When I walk into a smokey bar, it is my own choice - weighing the benefits against the costs - to do so. When I walk down the street behind a chimney, I am not given that option. I would fully support a public smoking ban, but not the current private smoking ban.

There are better ways to discourage smoking while still allowing personal freedom. Instead of a smoking ban, we should require employers to compensate workers in smokey environments with hazard pay. Thus, it becomes a personal and business decision for all parties involved. If a business owners decides his club’s ambiance requires a smokey haze, or even if they just feel it’s their fundamental right, then they can still exercise that right. Furthermore, workers will then be given the option to weigh the risks of present and future disease against the benefit of additional money.

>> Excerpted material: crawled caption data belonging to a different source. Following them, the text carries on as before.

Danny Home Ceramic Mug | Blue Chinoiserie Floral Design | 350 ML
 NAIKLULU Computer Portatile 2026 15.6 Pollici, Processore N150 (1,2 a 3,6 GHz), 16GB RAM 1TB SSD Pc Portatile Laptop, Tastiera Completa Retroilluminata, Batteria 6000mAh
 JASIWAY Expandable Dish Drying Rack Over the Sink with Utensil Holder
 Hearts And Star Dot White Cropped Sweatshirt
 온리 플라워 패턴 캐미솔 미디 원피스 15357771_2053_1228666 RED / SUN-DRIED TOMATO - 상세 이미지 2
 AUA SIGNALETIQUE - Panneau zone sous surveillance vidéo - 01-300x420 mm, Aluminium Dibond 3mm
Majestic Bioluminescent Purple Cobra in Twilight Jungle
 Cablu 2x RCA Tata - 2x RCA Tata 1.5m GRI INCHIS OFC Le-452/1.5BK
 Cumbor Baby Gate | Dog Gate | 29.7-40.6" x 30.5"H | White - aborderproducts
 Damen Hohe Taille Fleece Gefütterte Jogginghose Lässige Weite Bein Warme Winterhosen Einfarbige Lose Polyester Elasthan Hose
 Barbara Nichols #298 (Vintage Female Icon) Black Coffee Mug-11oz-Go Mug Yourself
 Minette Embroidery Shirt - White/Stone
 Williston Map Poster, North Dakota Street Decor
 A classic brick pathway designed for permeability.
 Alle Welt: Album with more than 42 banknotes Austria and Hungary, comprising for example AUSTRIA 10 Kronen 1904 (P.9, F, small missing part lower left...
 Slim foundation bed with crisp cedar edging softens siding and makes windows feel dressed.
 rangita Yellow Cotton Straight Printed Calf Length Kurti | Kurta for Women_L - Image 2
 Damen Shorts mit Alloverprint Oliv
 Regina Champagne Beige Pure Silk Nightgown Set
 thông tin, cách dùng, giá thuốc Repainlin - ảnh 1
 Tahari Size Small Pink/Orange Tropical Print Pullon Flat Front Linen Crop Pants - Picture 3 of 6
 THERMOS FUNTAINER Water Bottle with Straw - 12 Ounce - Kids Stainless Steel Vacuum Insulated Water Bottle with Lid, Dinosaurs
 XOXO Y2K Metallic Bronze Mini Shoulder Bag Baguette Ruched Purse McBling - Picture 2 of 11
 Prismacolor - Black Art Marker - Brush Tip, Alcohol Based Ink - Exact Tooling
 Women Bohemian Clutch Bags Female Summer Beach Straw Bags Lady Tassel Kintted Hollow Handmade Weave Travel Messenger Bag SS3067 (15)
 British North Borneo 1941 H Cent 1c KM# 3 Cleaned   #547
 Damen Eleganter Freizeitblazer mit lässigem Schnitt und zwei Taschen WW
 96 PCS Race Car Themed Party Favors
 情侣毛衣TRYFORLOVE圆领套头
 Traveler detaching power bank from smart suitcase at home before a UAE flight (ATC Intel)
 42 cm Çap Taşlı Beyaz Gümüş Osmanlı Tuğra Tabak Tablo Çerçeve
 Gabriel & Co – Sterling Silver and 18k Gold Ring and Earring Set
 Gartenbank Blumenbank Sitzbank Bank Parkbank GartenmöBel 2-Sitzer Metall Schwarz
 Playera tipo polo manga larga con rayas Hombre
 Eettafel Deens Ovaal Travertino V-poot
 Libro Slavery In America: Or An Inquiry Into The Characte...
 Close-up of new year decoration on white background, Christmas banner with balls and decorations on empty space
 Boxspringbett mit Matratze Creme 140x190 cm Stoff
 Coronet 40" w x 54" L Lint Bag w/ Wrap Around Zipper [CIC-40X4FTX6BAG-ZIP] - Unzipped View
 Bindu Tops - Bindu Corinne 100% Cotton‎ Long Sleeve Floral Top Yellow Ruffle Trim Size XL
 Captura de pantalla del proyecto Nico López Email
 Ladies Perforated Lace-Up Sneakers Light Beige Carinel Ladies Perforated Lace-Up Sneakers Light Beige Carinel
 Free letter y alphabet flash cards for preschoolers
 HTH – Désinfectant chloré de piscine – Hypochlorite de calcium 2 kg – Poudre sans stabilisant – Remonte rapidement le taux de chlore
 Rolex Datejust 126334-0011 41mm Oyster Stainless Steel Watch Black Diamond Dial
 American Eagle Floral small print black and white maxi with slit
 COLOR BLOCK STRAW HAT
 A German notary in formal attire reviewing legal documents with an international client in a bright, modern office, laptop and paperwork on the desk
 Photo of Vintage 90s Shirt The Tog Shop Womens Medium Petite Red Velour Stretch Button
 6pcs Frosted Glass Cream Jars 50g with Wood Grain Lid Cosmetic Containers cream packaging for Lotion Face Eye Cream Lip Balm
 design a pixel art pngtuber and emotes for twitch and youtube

To be sure, it is still not a perfect solution. In such a scenario, the low-income will be naturally driven to the more dangerous, higher-paying jobs; and while such a disparity in distribution of mortal risk between the rich and the poor has been a common theme throughout American history, it may not be something we should encourage with such an idea.

But this post isn’t about universal health care, it’s a post about the smoking ban.